── Dataset content ──

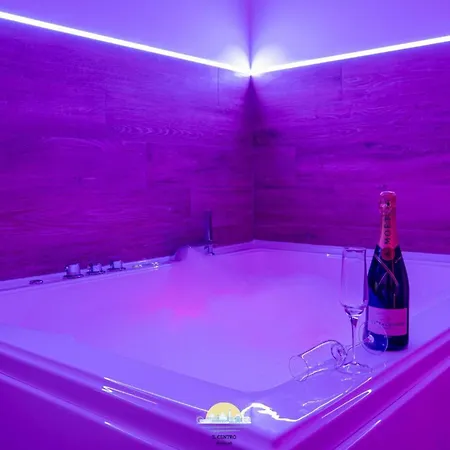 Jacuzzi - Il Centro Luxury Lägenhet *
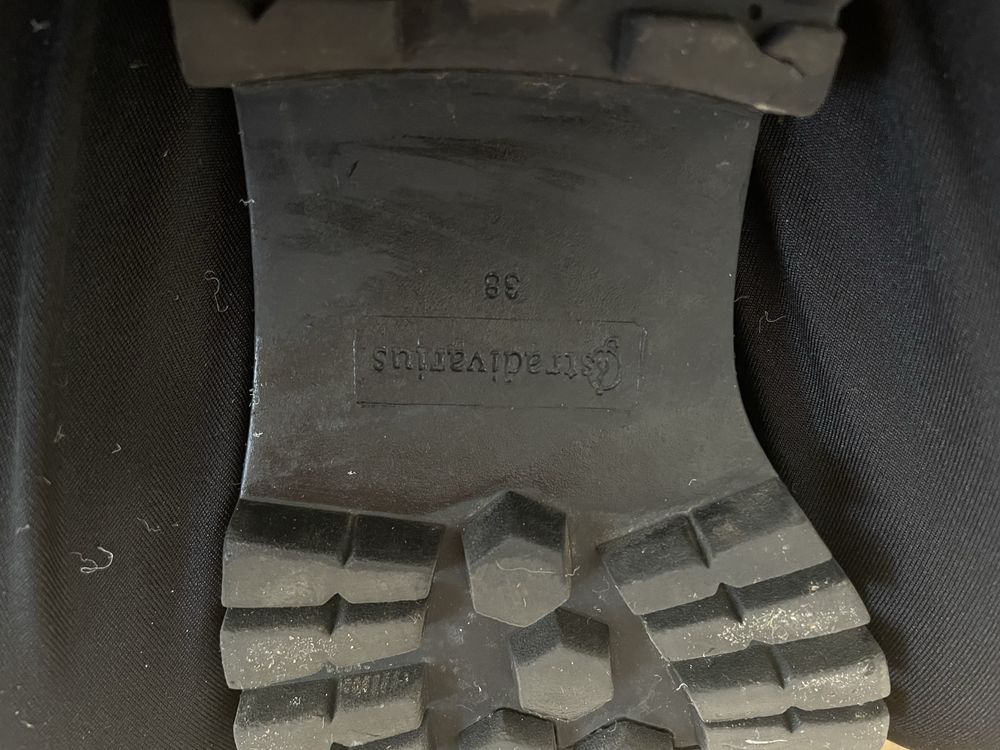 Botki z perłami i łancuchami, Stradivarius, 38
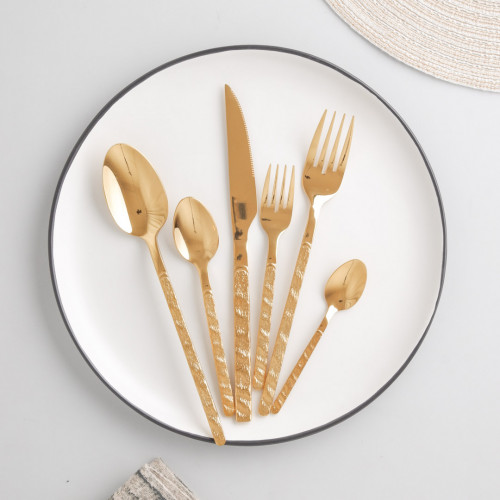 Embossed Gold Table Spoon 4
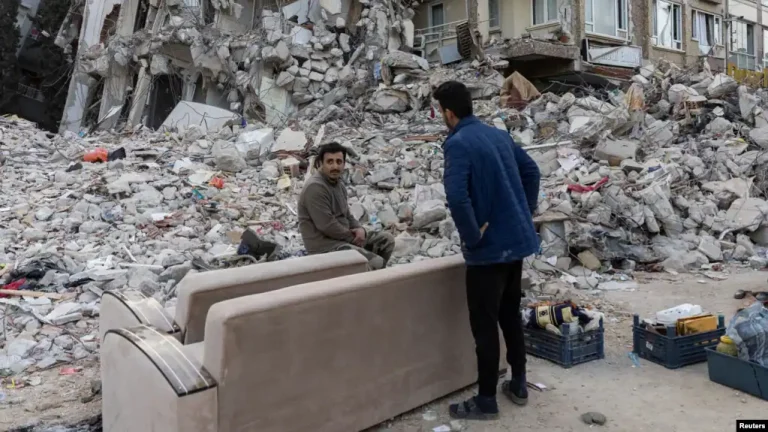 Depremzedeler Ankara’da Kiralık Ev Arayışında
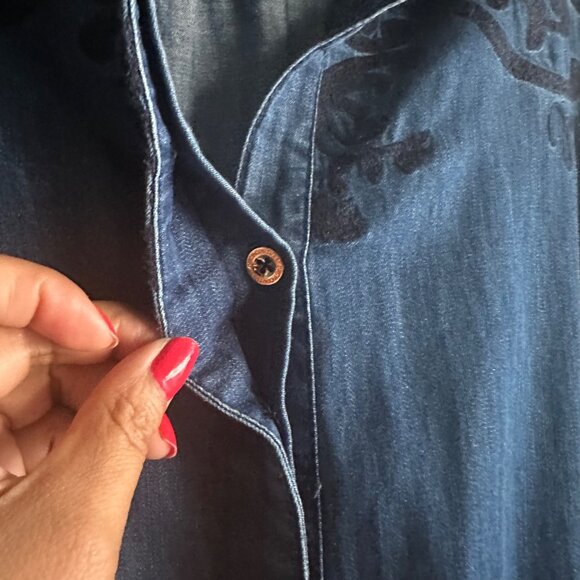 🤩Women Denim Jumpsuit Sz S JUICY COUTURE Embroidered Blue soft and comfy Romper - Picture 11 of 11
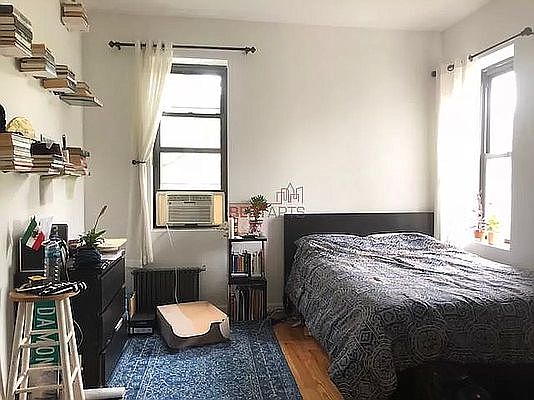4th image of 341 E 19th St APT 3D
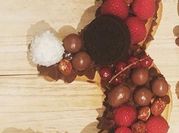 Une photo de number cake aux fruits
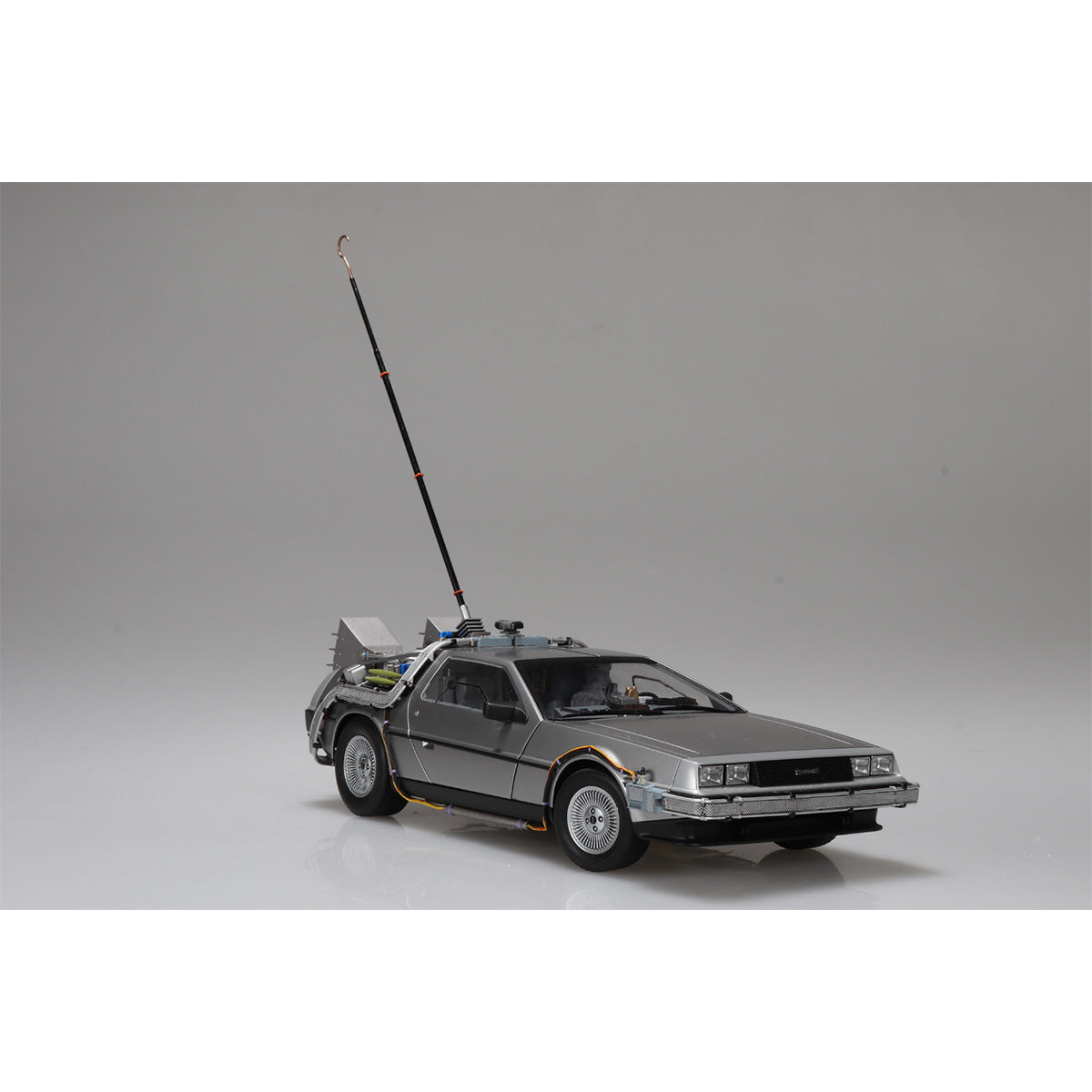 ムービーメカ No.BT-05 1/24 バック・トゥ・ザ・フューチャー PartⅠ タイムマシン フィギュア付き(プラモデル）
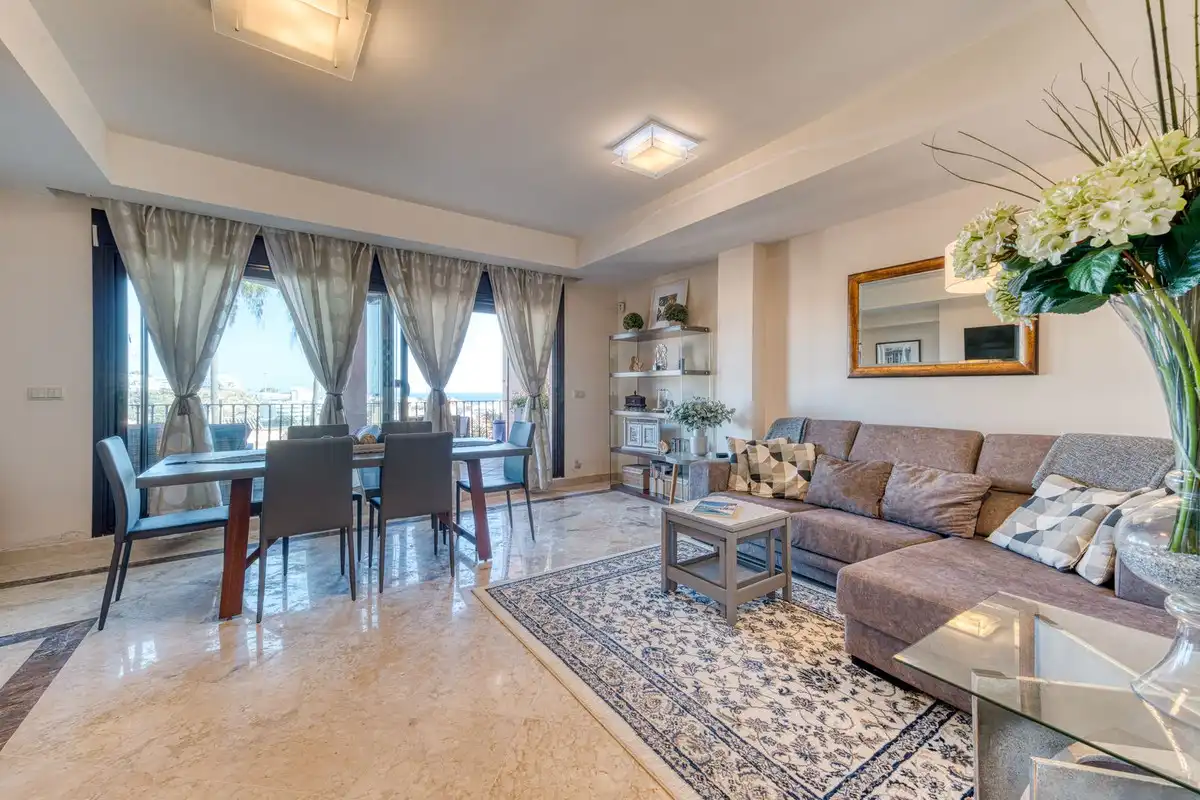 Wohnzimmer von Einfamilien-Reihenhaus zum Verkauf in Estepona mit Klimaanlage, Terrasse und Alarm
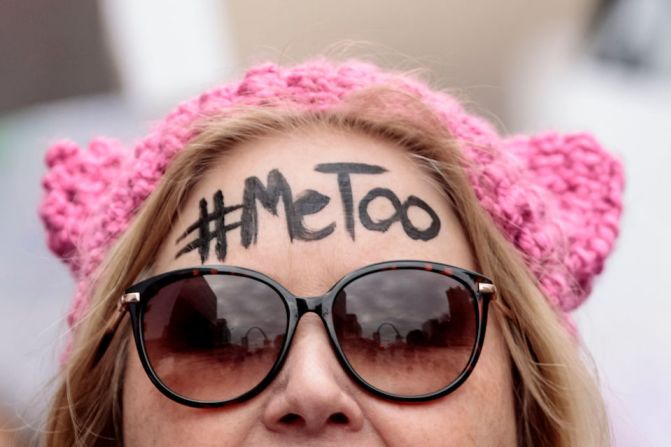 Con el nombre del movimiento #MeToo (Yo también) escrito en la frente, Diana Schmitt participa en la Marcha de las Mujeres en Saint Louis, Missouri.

───

Exercise aim = Restate all entries exactly; pictures stay out.

Answer box =
 Jacuzzi - Il Centro Luxury Lägenhet *
 Botki z perłami i łancuchami, Stradivarius, 38
 Embossed Gold Table Spoon 4
 Depremzedeler Ankara’da Kiralık Ev Arayışında
 🤩Women Denim Jumpsuit Sz S JUICY COUTURE Embroidered Blue soft and comfy Romper - Picture 11 of 11
4th image of 341 E 19th St APT 3D
 Une photo de number cake aux fruits
 ムービーメカ No.BT-05 1/24 バック・トゥ・ザ・フューチャー PartⅠ タイムマシン フィギュア付き(プラモデル）
 Wohnzimmer von Einfamilien-Reihenhaus zum Verkauf in Estepona mit Klimaanlage, Terrasse und Alarm
 Con el nombre del movimiento #MeToo (Yo también) escrito en la frente, Diana Schmitt participa en la Marcha de las Mujeres en Saint Louis, Missouri.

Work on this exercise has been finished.